▶ What this task involves: Your answer should be only the lines below from the one with "7906 W Agate" to the one with "Marvel Legends Series", repeated exactly, ends included.

▶ Provided data:
....
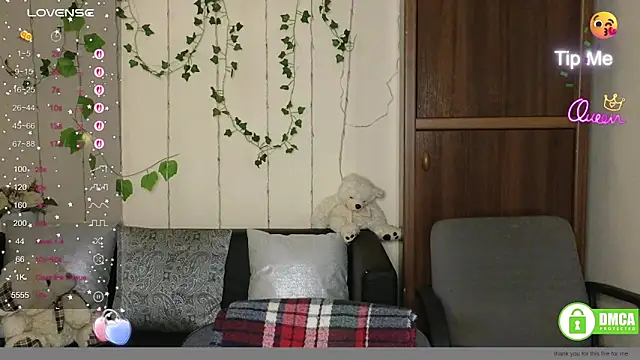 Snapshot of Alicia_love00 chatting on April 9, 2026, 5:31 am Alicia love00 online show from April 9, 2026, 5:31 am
....
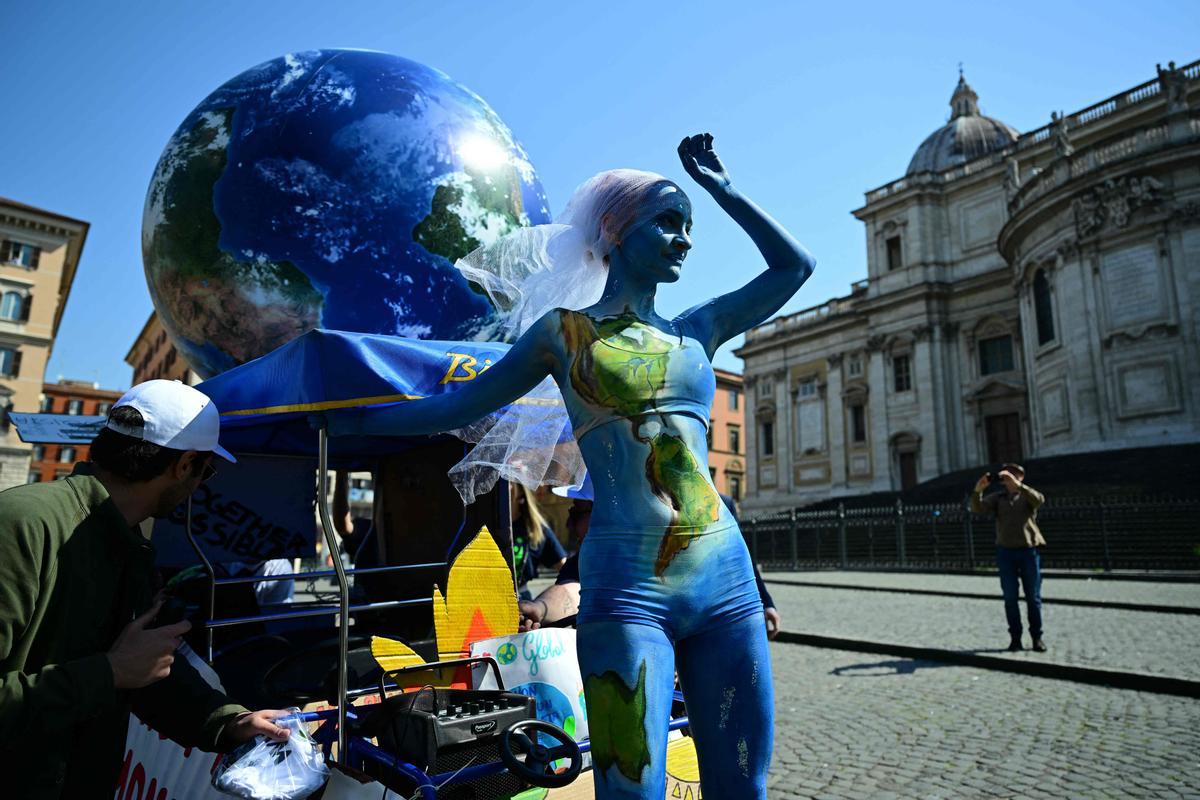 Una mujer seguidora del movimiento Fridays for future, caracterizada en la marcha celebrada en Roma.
....
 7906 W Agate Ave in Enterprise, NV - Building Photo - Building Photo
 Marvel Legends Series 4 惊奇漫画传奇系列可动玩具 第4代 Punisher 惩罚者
....
▶ Solution to the problem:
 7906 W Agate Ave in Enterprise, NV - Building Photo - Building Photo
 Marvel Legends Series 4 惊奇漫画传奇系列可动玩具 第4代 Punisher 惩罚者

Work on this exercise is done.